Sunday, December 19, 2010

Thoughts of you

Its 6am and I can't sleep. I can hear raindrops just outside my bedroom window. Slow but determined. If i did want to go back to sleep, i could count them instead of sheep. Everywhere else is quiet. Except for the occasional passing car. Its times like this i can actually say there is nothing on my mind. So i lay back and let my mind drift to the past. The past always holds hidden treasures. The past also holds hidden pain.
When i think of you, my heart aches.
It aches from memories and pain
a little thought is all it takes
and i can feel all my strength drain

The ache begins as a little tingle
an indication of sorrow to come
and i know these memories will linger
even after all the tears have gone

I wouldn't take anything back
the pain has helped me grow
but late at night, in the dark
when i have those thoughts of you,
my heart aches from memories and pain.

Monday, October 25, 2010

Counting sheep

Sleep is not overrated. You can never have enough sleep. You appreciate this even more when insomnia strikes. Lately, sleep and i have been fighting alot. He doesn't love me anymore.  Laying in the dark, listening to the silence. It can make a person go insane. I count sheep but they too are asleep and refuse to jump over fences. When i do sleep, its for minutes and i have the most vivid dreams. Sometimes they scare me so much that when i wake up, i'm too scared to go back to sleep. 
I dreamed I was crossing a rope bridge
like the one in camp.
Underneath this rickety structure
was a wide swamp.
It didn't just stretch in length
I knew it was deep too
For when I bent
I cudnt see the bottom of the pool

I walked calmly to the end
 but there was a step missing.
In trying so hard not to bend
I sent the ropes a'twisting.
I held on tight
trying not to let go.
No one saw my plight
now I was tied like a bow.

Round and round in the air
After a while I had no care
But just as I let go of the rope
From this horrible dream I awoke

Breaking up with the family.

The thought of getting serious may have crossed my mind once or twice but it wasn't something i really wanted. I enjoyed the freedom. Relationships are limiting and half the fights are about crossing these limits. I enjoyed what we had. It was un-serious and open. He was free to do whatever he wanted and he returned the favor. 
The beauty of our arrangement was that when my bad habit of getting bored kicked in, i could move on without hurting anyone. 
We were perfect. What happened? My mum happened. She accidentally met him and she fell in love. She wanted more, for him and me. The more she pushed, the more i wanted to get away. I wanted to be alone. Her approval increased my disapproval and i knew she was driving me away from him.
How do i end things with someone that my mother is in love with? 

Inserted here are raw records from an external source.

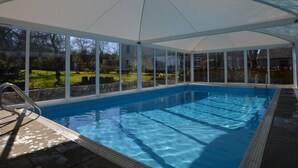 En inomhuspool med väggar av genomskinligt glas, ett tak som skyddar mot väder och vind samt utsikt över en trädgård.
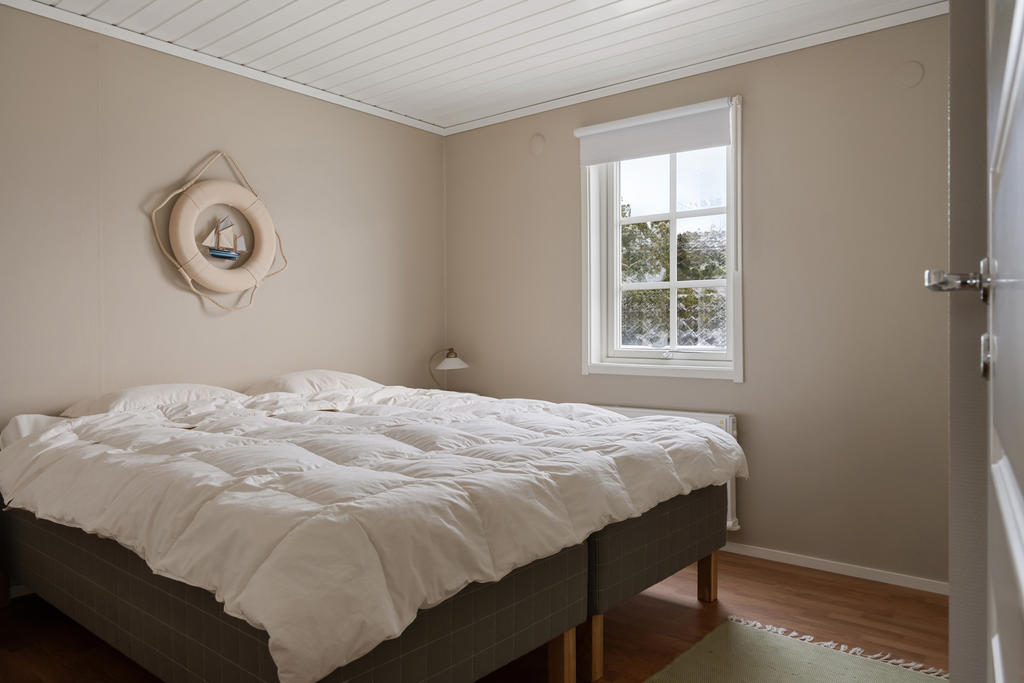 Detta charmiga sovrum på nedre plan erbjuder en lugn och avkopplande atmosfär. Här finns gott om utrymme för en bekväm dubbelsäng, praktiska sängbord och generösa garderober för förvaring. Ljuset flödar in genom fönstret och skapar en härlig inramning till detta vilsamma utrymme.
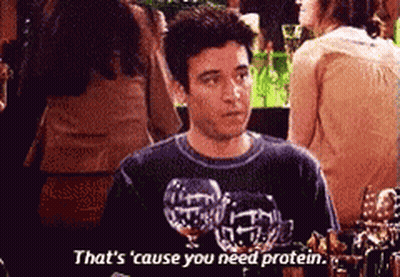 A Man Is Holding A Glass Of Wine And Saying That 'S Cause You Need Protein GIF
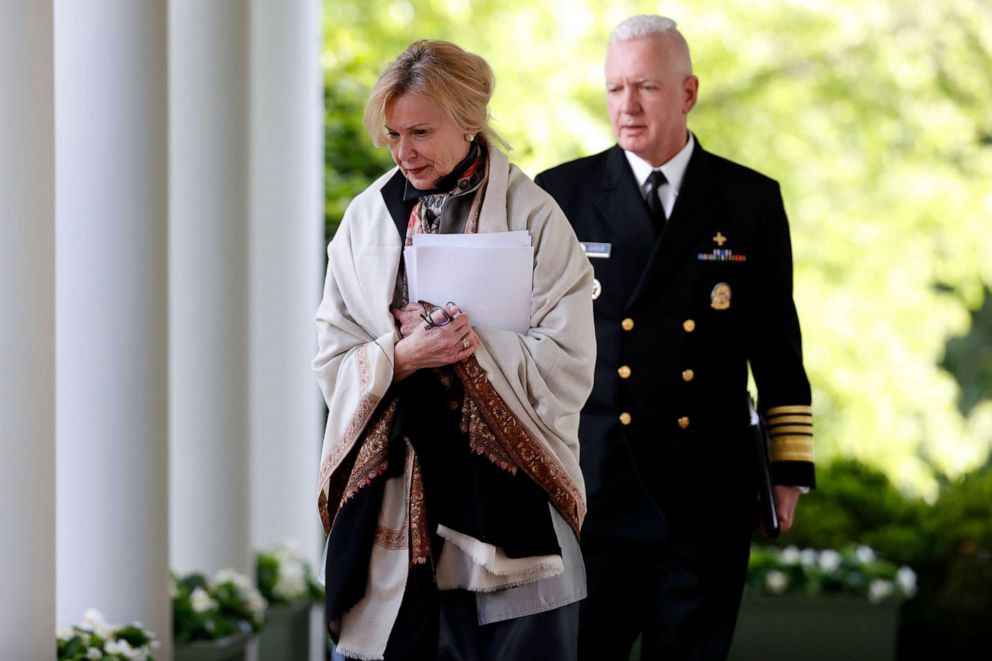 PHOTO: Dr. Deborah Birx and Admiral Brett Giroir walk to the Rose Garden to attend a briefing with President Donald Trump about the coronavirus at the White House, April 27, 2020, in Washington.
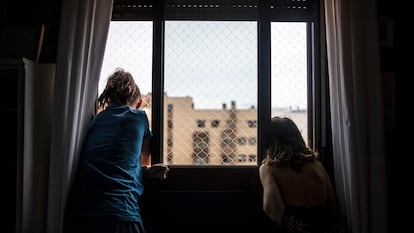 Dos niñas miran por la ventana en su casa durante el confinamiento por la pandemia del coronavirus, en abril de 2020.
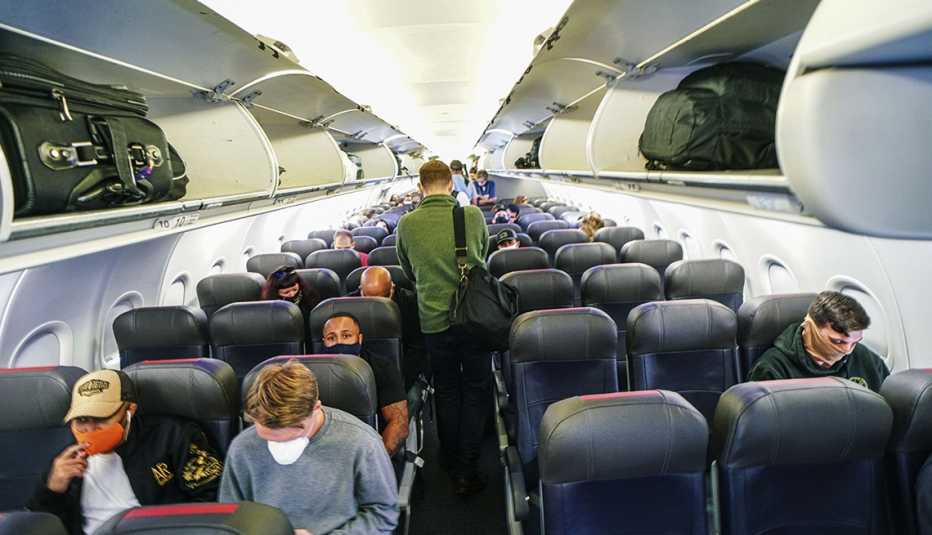 Persona camina por el pasillo central de un avión durante la pandemia de coronavirus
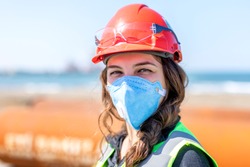 Occupational safety and health specialist with face mask for coronavirus (covid-19). Occupational health is a multidisciplinary field of healthcare concerned with enabling an individual.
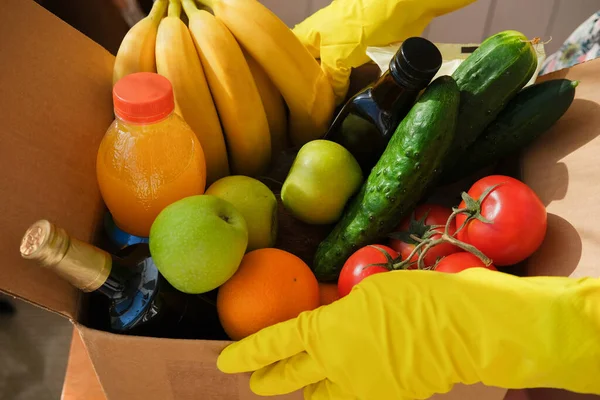 Delivery of a box of vegetables and fruits and ingredients. Healthy food. Shopping box with products. Food delivery coronavirus. Delivery by volunteers during the pandemic.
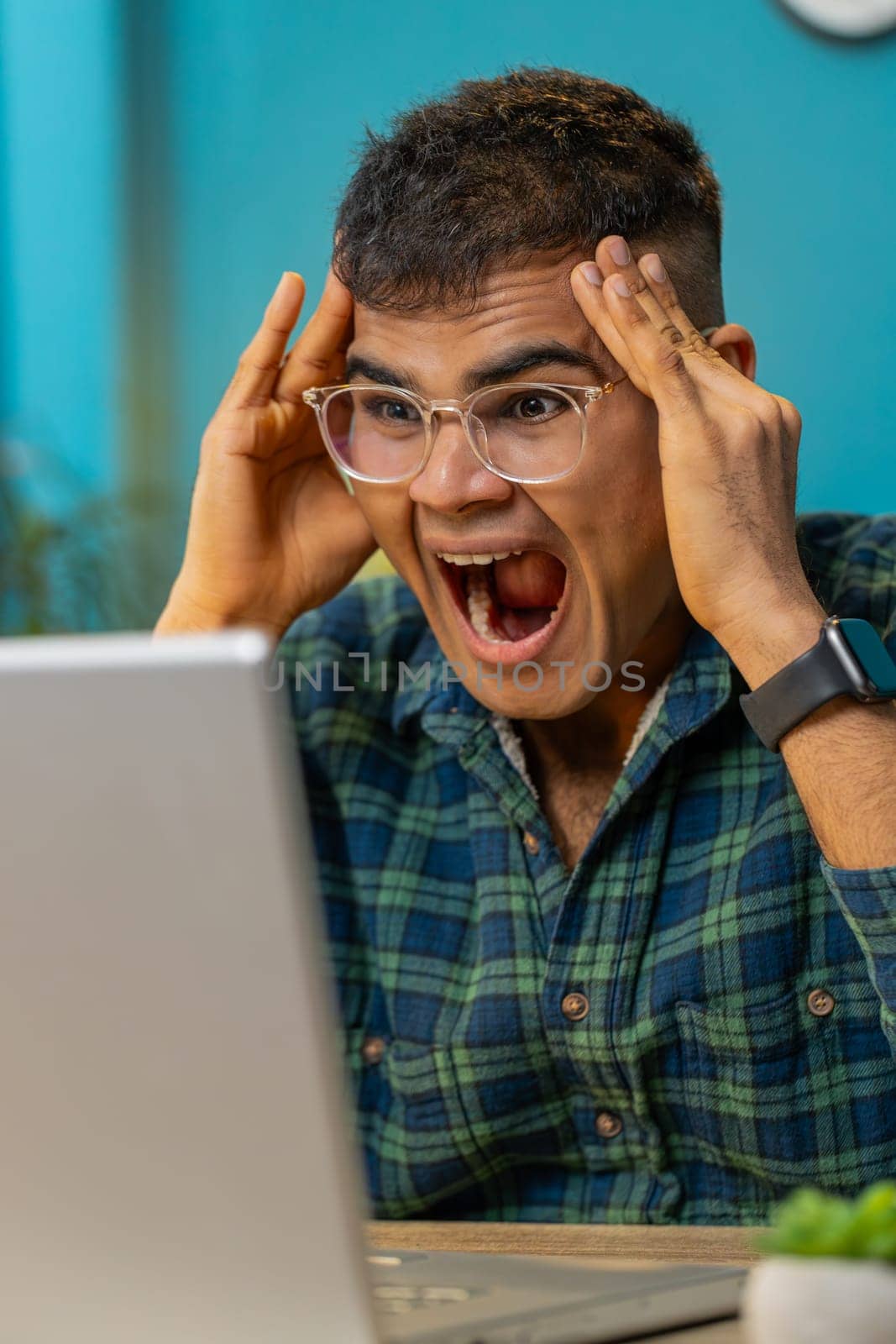 Angry Indian man having software problems with laptop angry guy nervous seeing error or mistake notification at computer screen mad employee experience virus attack or app malfunction. Vertical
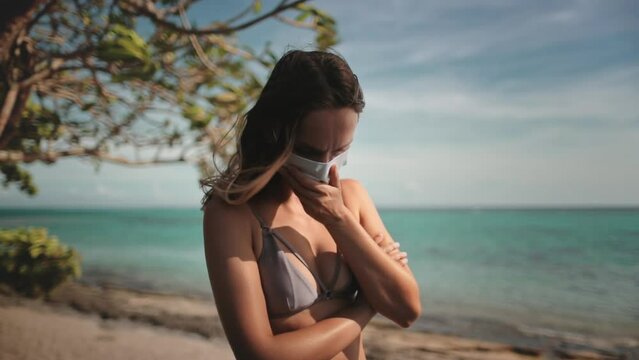 Woman with COVID-19 medical mask stands alone on a sunny beach. Girl in mask got sick coughs while have holiday vacation on tropical island. Coronavirus prevention concept. Covid pandemic. Slow motion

Thursday, October 14, 2010

Nine to Five

There's a clock ticking in the distance. The rhythmic tick tock enunciates the  tenseness in the room. Fingers go at keyboards and phones ring. Sometimes it is the classic ring of the land-line and sometimes it is a popular song. We are young at heart but we must conform to the wishes of the older ones. A conversation drifts in from the room next door. Someone is unhappy, raised voices. The door opens and this symphony is paused as the visitor is surveyed. A quick walk to the laminating machine. He poses no threat. The symphony is resumed.


A low laugh, a private joke. There is whispering and a second laugh. Now everyone wants a piece of the joke. The comedian shares the joke and we all laugh. It is a beautiful sound. We may be prisoners of a capitalist market but our hearts are free. The routine has been halted as we enjoy the joke. It is a good joke that will be relayed after work in bars and homes. The clock continues to tick. It is a sound that has become a part of us, like the beating of our hearts. It is a consoling sound and we almost miss it when we leave. We almost miss it. 

Sunday, October 3, 2010

Nocturnal Awakenings

I woke up at 2:35am. My two hour sleep cut short by the power coming back on.
I hadn't turned of the ac so I got up to shut my windows. There was a bird on my windowsill. It wasn't one of the pigeons I fed rice to during the day. It had a
long beak and a head that looked like it could barely carry the beak.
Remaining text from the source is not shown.